Other options are "unvalidated" which attempts to use TLS but will not fail if the server certificate cannot be validated or "off" which disables TLS completely (not recommended).

SAML Configuration

The following variables in .env.umc-server pertain to the SAML SSO configuration:

SAML_METADATA_URL=http://localhost:8097/realms/ucs/protocol/saml/descriptor
SAML_METADATA_URL_INTERNAL=http://keycloak:8080/realms/ucs/protocol/saml/descriptor
SAML_SP_SERVER=localhost:8000
SAML_SCHEMES=http
CERT_PEM_FILE=/run/secrets/cert_pem
PRIVATE_KEY_FILE=/run/secrets/private_key

The SAML_METADATA_URL should include the public FQDN of the SAML IdP.

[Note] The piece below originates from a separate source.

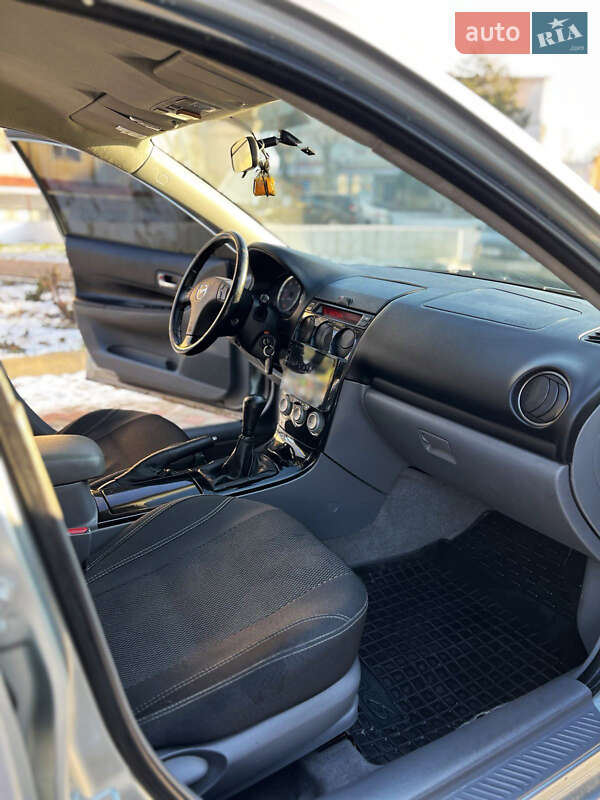 Седан Mazda 6 2004 в Одессе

For development purposes there is SAML_METADATA_URL_INTERNAL which should be set if the UMC container cannot reach SAML_METADATA_URL and needs to use a cluster-internal hostname.

SAML_SCHEMES configures the preference for generating SAML Consumer Service Assertions. The default in UCS is "https, http", which you might consider setting to "http" for development purposes (only!), and "https" for production.

In any case, using SAML requires a certificate and its private key under CERT_PEM_FILE and PRIVATE_KEY_FILE. The certificate's subject hostname shall contain the value of SAML_SP_SERVER.

Container for the Apache Gateway

This contains merely static files, such as javascript, stylesheets and images.